When data writes…who is the author?


If a robot wrote this article, you probably wouldn’t know it. The movement to produce automated content, or ‘robot journalism’, has grown substantially over the past couple of years. But editorial policies surrounding how this content is attributed have not moved at the same pace. Typically, human-written stories are accompanied by a byline crediting the journalist who spent hours researching and writing a piece; yet, when a data driven algorithm is doing all the work, this attribution imperative is not as clear. So how do news organizations gauge the best attribution regime for automated journalism? And why is it important to develop a sound crediting policy for this type of content?

To find out more about the prevailing authorship and crediting policies for automated content, Tal Montal and Zvi Reich, from the Ben-Gurion University of the Negev, conducted a content analysis of automated stories on 12 websites and collected qualitative data from interviews with associated news outlets. We spoke to Tal about their research.

DDJ: Your study looks at transparency behind automated journalism, particularly disclosure transparency and algorithmic transparency. Can you provide a brief outline of these concepts, as well as why journalists and audiences should care about them?

Tal: Transparency is a crucial feature of modern journalism, with the ongoing debate over the necessity of openness towards the public. In the field of automated journalism, where the "black box" of generative algorithms is being used through the different levels of news production, and considering the potential implications of the use of these algorithms, we saw this as an inevitable part of any desired crediting policy.

The disclosure transparency refers to the extent of which journalistic organization and news producers are communicating the way their news stories are selected, processed and produced, to the readers. In our case, it can be reflected in the way of informing the readers regarding the fact that a certain story was generated by an algorithm. This type of transparency, which became more common with the rise of online journalism, is a-must in the domain of automated journalism.

The algorithmic transparency is a more complex, expensive, and controversial type of transparency, in which the methodology of an algorithm (the way it actually works, from input to output, and even its limitations) is disclosed to the audience of readers.
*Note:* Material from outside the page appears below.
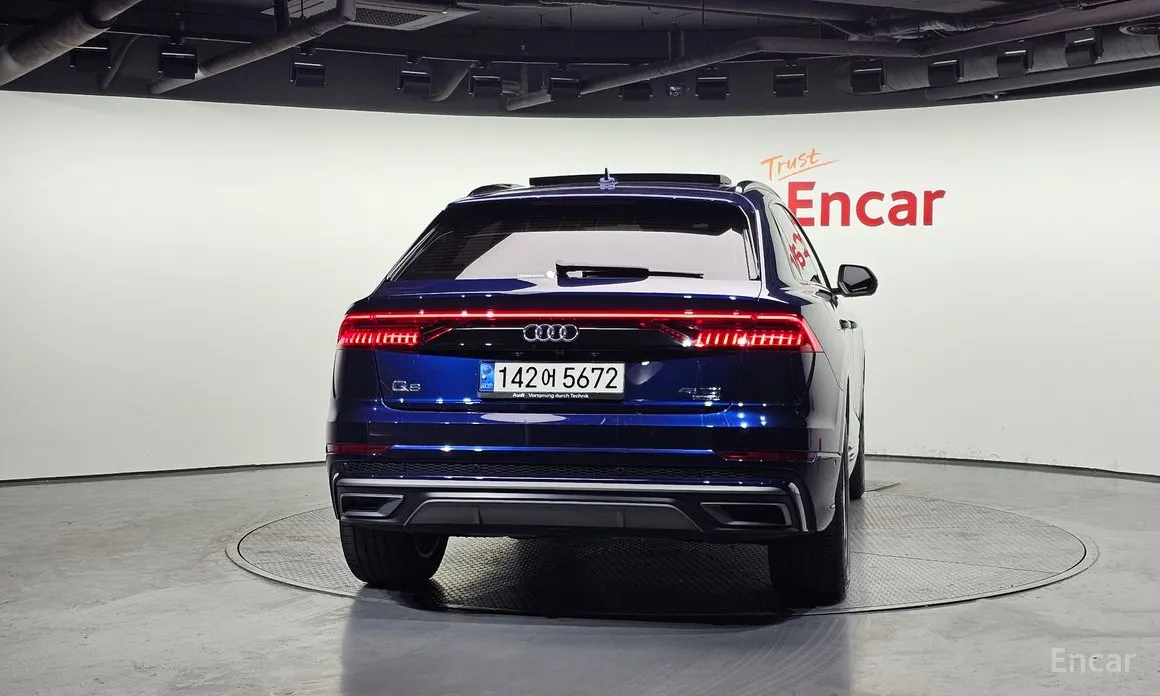 Фото 4 - Audi Q8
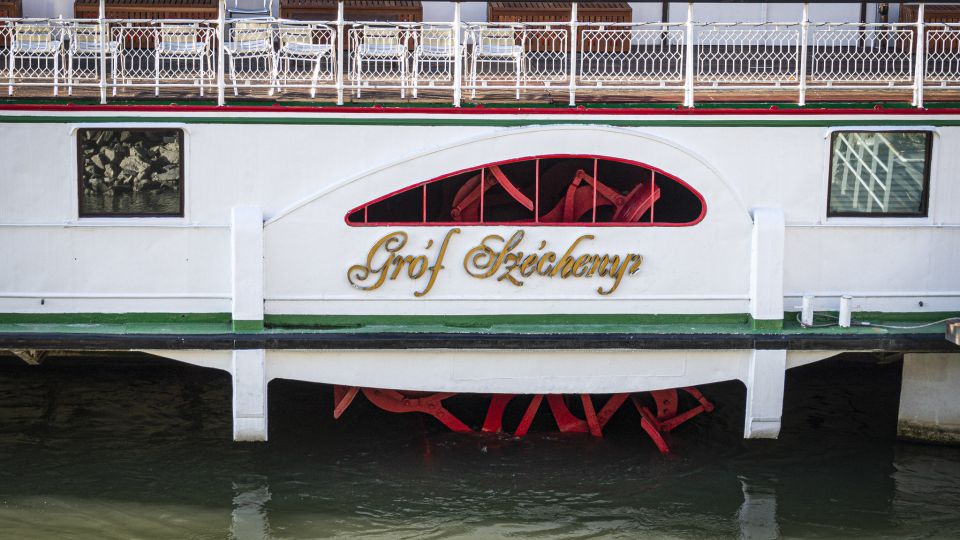 Budapest: Summer Brunch & Cruise with Prosecco or Cake - Food Timing: Don’t Miss the Best Part of Brunch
It is more complex because the methodology should be explained to readers who are not familiar with computer programming, more expensive in terms of time consuming, and controversial due to trade secrets and copyrights issues, which is reflected by the fact that algorithms' owners (either software companies from that field, or news organizations) are reluctant to reveal, obviously, the way the algorithms work.

Making these types of transparency routines a part of a crediting policy for automated content, will diminish the effects (that are covered in the next question) and help both journalists and readers understand the strengths and weaknesses of this way of content production and evaluate the output in a proper manner.

You categorized your findings into four levels of transparency. Can you outline what these are and how they can be used to assess the current state of disclosure and algorithmic transparency?

The four level of transparency were based on a content analysis of automated stories from the sites we had solid information regarding their use of algorithms in generating stories. We separated between sites (or different sections of the same site) that had a full disclosure note (regarding the algorithmic nature of the specific story, the developer of the algorithm, data sources, etc.) and ones who didn't. This was the top tier – Full Transparency. Besides of a full disclosure note, all of the Full Transparency sites all had a byline, crediting either the news organization (such as AP), software company (such as Automated Insights or Narrative Science), the human reporter and even the bot itself (like Quakebot in LA Times). Then, for sites which had only a byline and didn’t have a full disclosure note, we separated between those who had a byline crediting the software vendor or the algorithm itself, which implied the automated nature of the news piece, though not explicitly (=Partial transparency), those who had a byline crediting the organization itself, without mentioning a name of the writer, hence implying the uniqueness of this particular news story (=Low transparency), and those without byline at all. (=No transparency). Only the Full Transparency sites actually employ both disclosure transparency, and (to some extent) algorithmic transparency. The partial transparency sites can only be considered to employ (to some extent) a disclosure transparency routine, though it is arguable. The Low Transparency, and of course the No Transparency sites, actually don’t stand in the standards of any transparency routine type.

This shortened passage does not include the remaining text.